Do you think the guitars are new or used?


----------



## colchar (May 22, 2010)

There is a 15% buyer's premium added? Is this normal?


----------



## colchar (May 22, 2010)

Guncho said:


> Do you think the guitars are new or used?



It tells you next to each item whether it is new or used.


----------



## Guncho (Jun 16, 2015)

Do you pay tax on anything you win?


----------



## Guncho (Jun 16, 2015)

If it doesn't say new or used do you assume it's used?


----------



## Steadfastly (Nov 14, 2008)

johnnyshaka said:


> Something tells me you might get a few PMs this weekend asking for a "favour"...


That's exactly what I was thinking.


Guncho said:


> If it doesn't say new or used do you assume it's used?


I think it would be the other way around. It would likely be new if there was nothing beside it.


----------



## Guncho (Jun 16, 2015)

A few guitars I'm looking at say New but one says nothing.


----------



## Guncho (Jun 16, 2015)

This sounds like a fun buy. (Guitar case)

**Case is locked, key is NOT included**


----------



## Sid_V (Dec 27, 2016)

The auction has been promoted on the store's Facebook page for a while, and there is a new address and discussions of new lines, so it looks like a legit moving sale. I hope so, the independent music stores are much needed.
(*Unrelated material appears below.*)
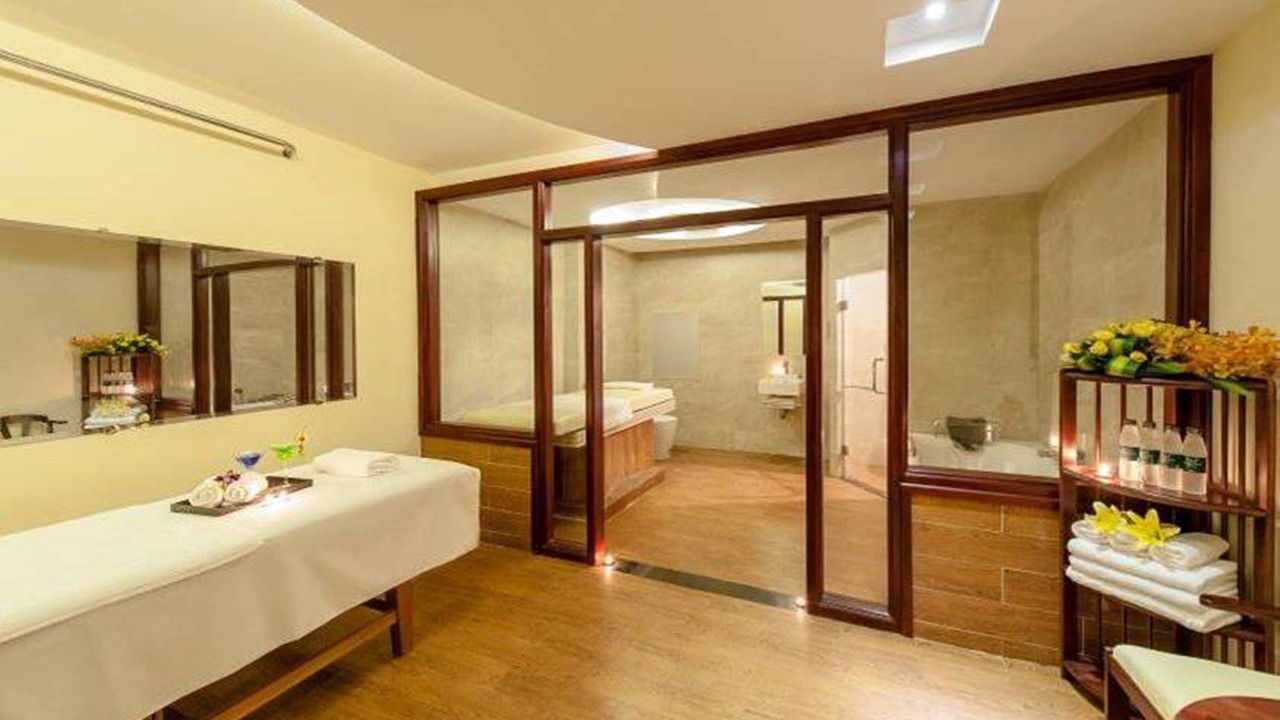 Photo of Bedroom in Buon Ma Thuot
Nobody needs to call for more cowbell, there are quite a number available.


----------



## Steadfastly (Nov 14, 2008)

Guncho said:


> This sounds like a fun buy. (Guitar case)
> 
> **Case is locked, key is NOT included**


I saw that. I'm sure you could order a key from Yorkville.


----------



## Guncho (Jun 16, 2015)

Yes, you do pay taxes on winning bids as well as a 15% buyers premium (for online purchases). You can calculate that you will be paying 28% on top of any bids that you win. This information can also be found under "Auction Details".

I hope this was helpful.

Thank you,
Antonella 403 Auction


----------



## EchoWD40 (Mar 16, 2007)

Most of this stuff is cluttered junk which makes sense why they don't want to take it with them. 
Looks like a normal moving sale to me.


----------



## Guncho (Jun 16, 2015)

Recording King has a repaired headstock
crack.

Wasn't that impressed with the other guitars I tried. A few Norman's, a Takamine and two Sigmas.

I asked myself "is this guitar better than the Yamaha FG830 I just ordered"? and the answer was no.


----------



## Moosehead (Jan 6, 2011)

I bought my lp standard there, (it was on consignment) great guys to deal with but they could definitely use a bigger space. I hope they aren't closing they had some good shit (pedals, parts, guitars) and are one of the only heritage dealers around. I know I could go in there any day of the week and find the parts i wanted, L&m has shit stock for parts compared to Mojo.


----------



## eng2828 (Oct 9, 2015)

From what I understand Mojo is dropping drums, keyboards and music lessons (apparently getting stuff off the internet for learning is enough for the current generation). The pedals, guitars, basses, and parts and service are staying. Supposedly the new location isn't that far away from their current location.

Sent from my 6045I using Tapatalk


----------



## Guncho (Jun 16, 2015)

The Norman ST68 sold for $625, the Sigma DR28 sold for $340.

Did anyone catch what the Sigma DM18, the Recording King RD27 and the Takamine G51133 sold for?


----------



## johnnyshaka (Nov 2, 2014)

Did anybody land anything?


----------



## Guncho (Jun 16, 2015)

No one bought anything?


----------



## Hamstrung (Sep 21, 2007)

Steadfastly said:


> I have no way of knowing this so it is only a guess but dealing with the retail business for many years, I've seen these signs that say they are relocating when the business is actually closing. Unless they have the new address, a person can be pretty sure they are closing the business.
> 
> The reason this is done is to 1) save face and 2) so it doesn't look like they are so desperate to sell off their stock and thus get better prices


*Mojo Music Inc.*

Note our recent disclosure of our NEW location!

461 N. Service Rd. West
Unit B-8
Oakville, Ontario
L6M2V5

Open to the public on May 20th!


----------



## Guest (May 19, 2017)

That's a little closer to me now.
Maybe by a coupla' kliks.


----------



## Steadfastly (Nov 14, 2008)

Hamstrung said:


> *Mojo Music Inc.*
> 
> Note our recent disclosure of our NEW location!
> 
> ...


Good for them! They must have had to get new furniture, etc.


----------